** REQUIRED ACTION **
Copy, please, the line with "Luna - Single Seat Cover" and each line that follows it through the end of the data below, exactly as given and without pictures.

** SUPPLIED INFORMATION **

——————

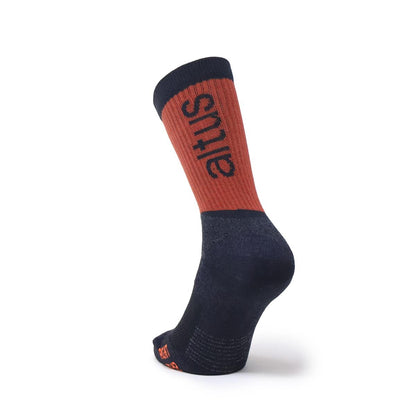 Altus CASPIO Coolmax sock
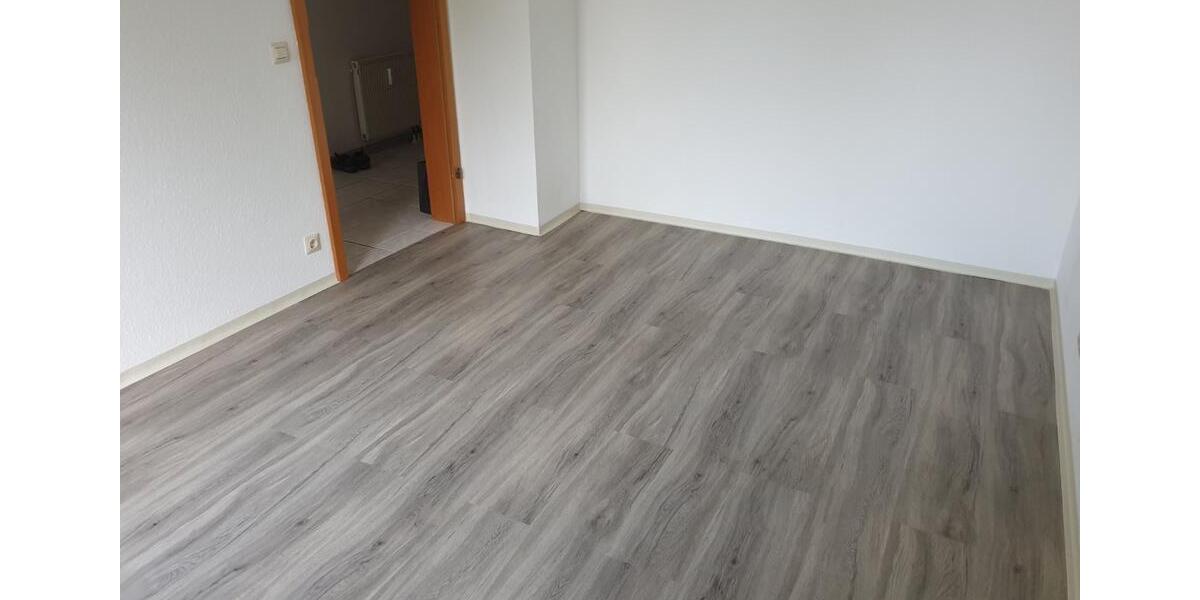 Erdgeschoßwohnung Filderstadt - 2 Zimmer, 62 m&sup2;, 260.000&euro; | Angebot:18318539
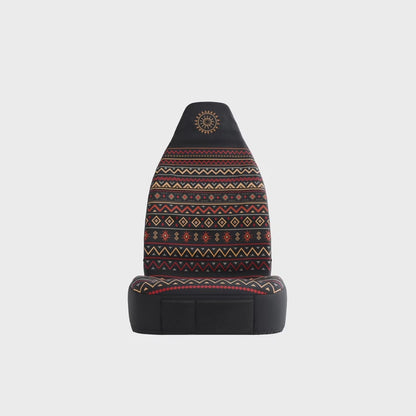 Luna - Single Seat Cover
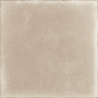 CLOS BEIGE MAT 60,4X60,4 REKT. GAT.1 (P.86295)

——————

** ANSWER BOX **
 Luna - Single Seat Cover
 CLOS BEIGE MAT 60,4X60,4 REKT. GAT.1 (P.86295)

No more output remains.